I have long held the belief that because New Englanders are so beaten down by winter, we appreciate the warmth more than other places once it finally arrives. I mean, if you're waking up in sunny, 75-degree San Diego 300 days a year, one more day like that isn't going to mean as much to you as when you've been getting a foot of snow dropped on you every Wednesday for a month. Because we're so desperate for it, New Englanders start looking out for the first string of warm days in March, just hunting for any sign that it will finally be Spring. Up until now this Spring has been kind of annoying, in that we would get the occasional day where the temperature was near 70, but those warm days would be surrounded by a week of cold, rainy days during which the thermometer topped out around 45. You could never tell what tomorrow was going to bring. (This is why I'm also convinced the saying, "If you don't like Massachusetts weather wait a minute and it will change" was coined during the month of April.)

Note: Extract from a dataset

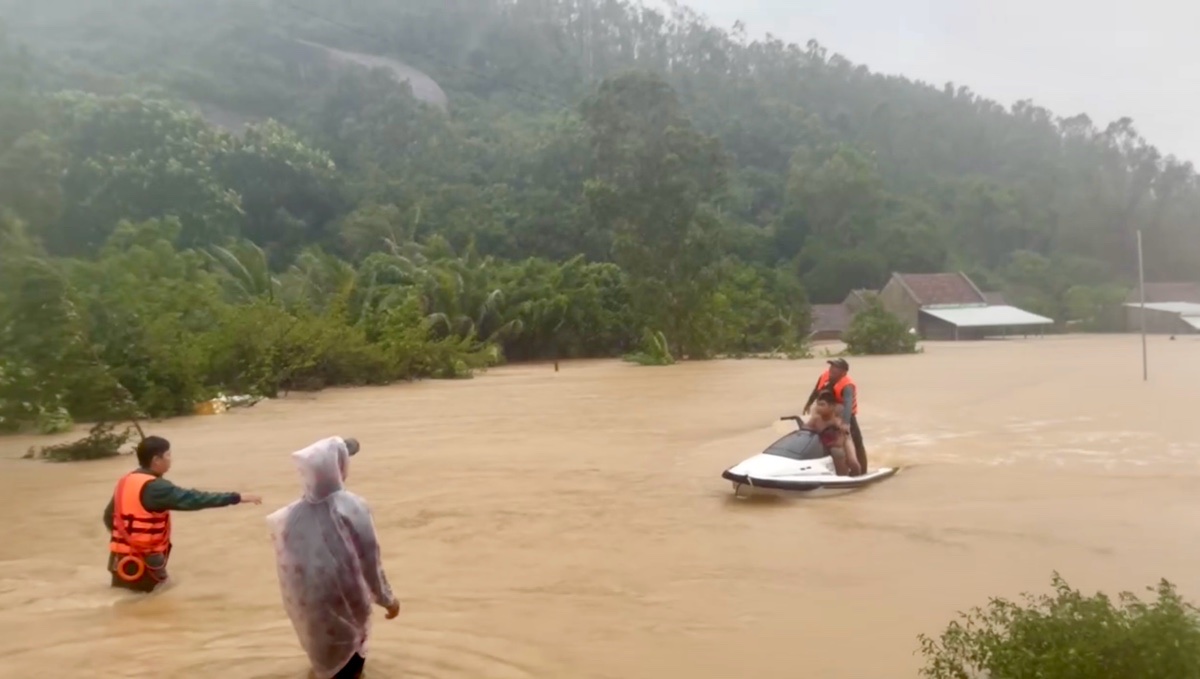 Moto nuoc dua nguoi dan ra khoi vung ngap sau o Dak Lak. Anh: Duy Tuan 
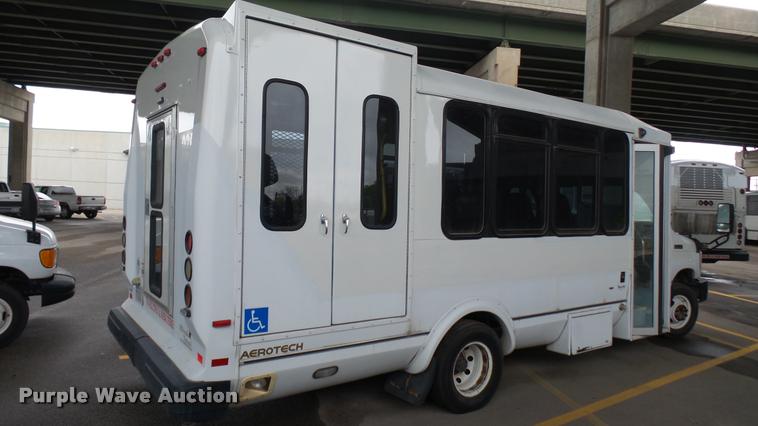 image for item L2396 2009 Ford E450 Super Duty shuttle bus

However, the last couple of days have been warm, almost stuffy, and have given me hope that I might (I said might) finally be able to put the shovels back into the shed. With this warm weather came the other rite of a New England spring - people anxious to finally reveal parts of their body to sunshine that haven't seen it in months. It's a simple truth: New Englanders love their shorts. In any northern city you can find the occasional fat guy who wears shorts regardless of the weather, but most of us are smart enough to wear pants when it snows. We're not happy about it, though. Instead, we wait for a hint of warmth (our standards for what should be considered 'shorts weather' is much lower than a warm-weather climate) and then they all come out at once; with the stretch of those first warm days in New England comes a parade of some of the most pale calves the world will ever see.

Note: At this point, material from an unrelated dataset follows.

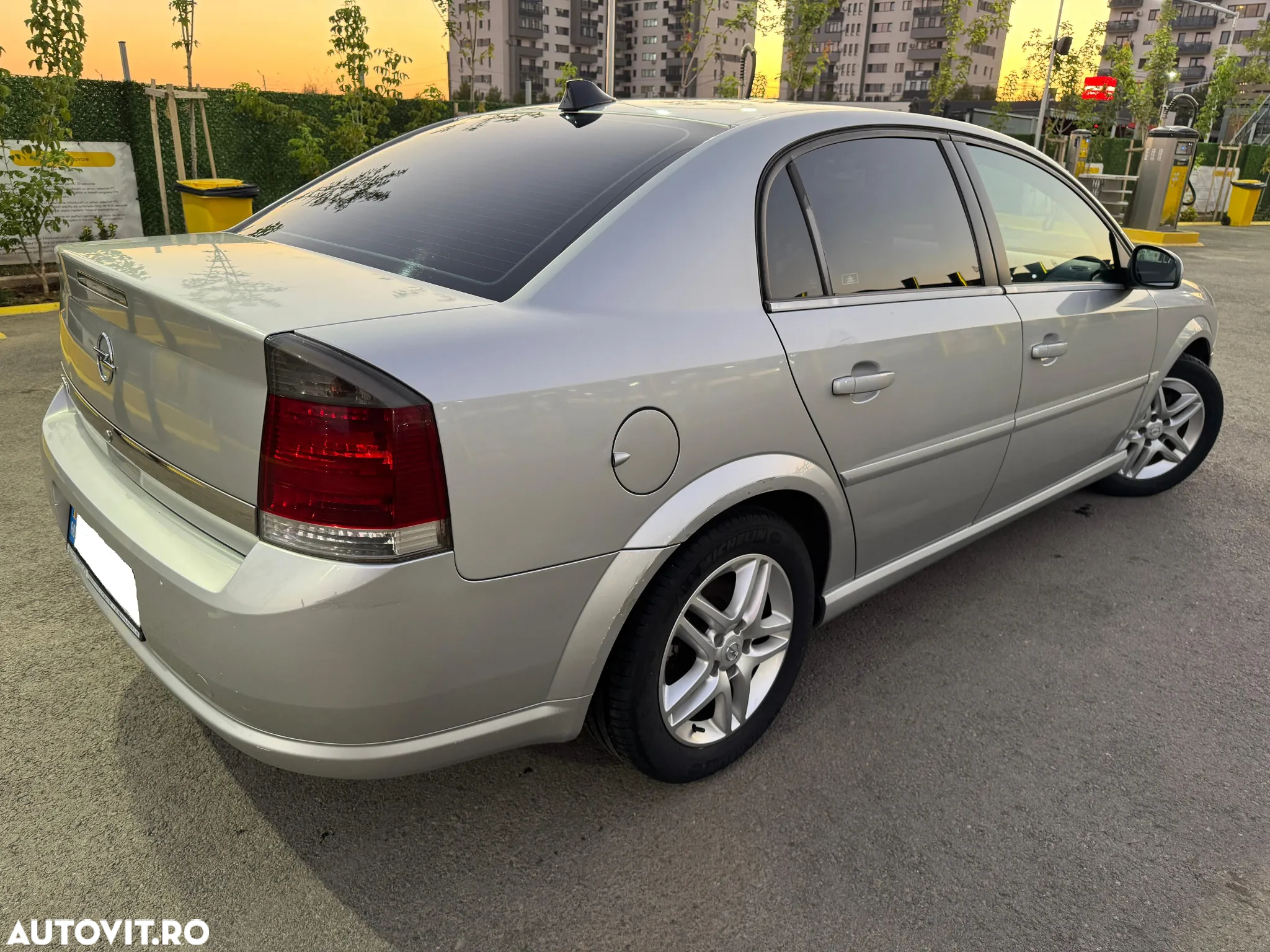 Opel Vectra 1.8i Elegance - 4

The problem is that New Englanders are also notoriously stubborn. Once we decided that it is safe to start wearing shorts for the season, we're not going back no matter what the weather reports might be. We'd rather freeze than put jeans back on for an abnormally cold June day. Even this morning, as the temperature hovered around 50 (just cold enough that it is not shorts weather, especially not with a steady breeze in the air), you could almost hear the collective decision of New Englanders everywhere who were going to wear shorts to work, come hell or high water. "It'll get warmer as the day goes on," we said, trying to talk ourselves into this being a sound decision, but ultimately knowing that we're just lying to ourselves.

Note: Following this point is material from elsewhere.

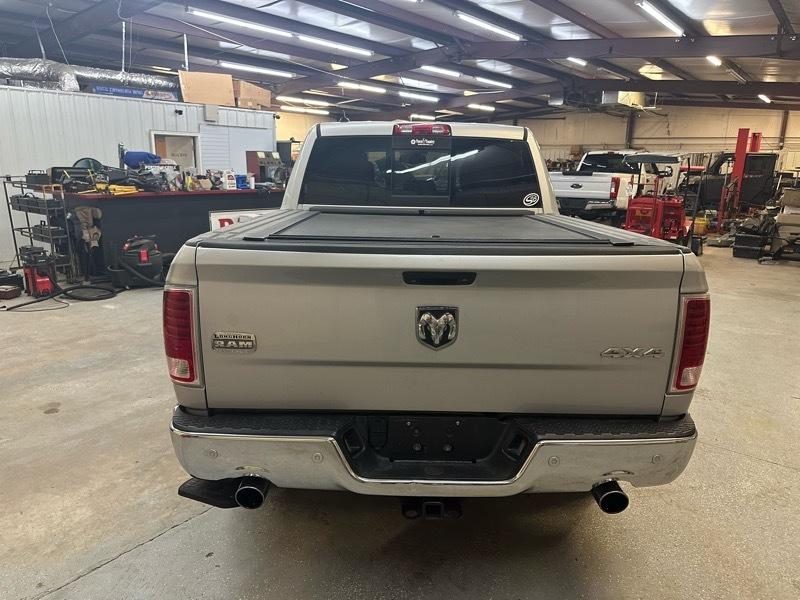RAM 1500 Longhorn Crew Cab SWB 4WD 2015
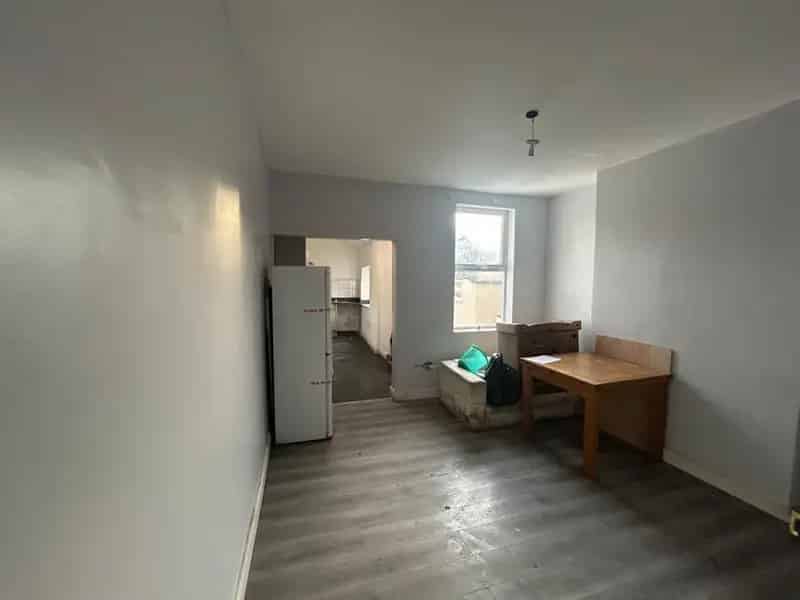 3 Bedroom End Terrace House Near Bramall Lane Sheffield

And because New Englanders are so determined to stay in shorts until early September, this is the time of year you see quite possibly the dumbest thing you will ever see: people wearing shorts and winter coats simultaneously. It is almost as if they believe wearing warm clothes from the waist up will somehow transfer body heat down to the legs. That is the length some of us are willing to go to just to stay in shorts and it is absurd. Especially when you consider that you will never see this in reverse - not once will you see someone wearing ski pants and a tank top. Even the guy wearing shorts standing in a snowbank would think that is a stupid look.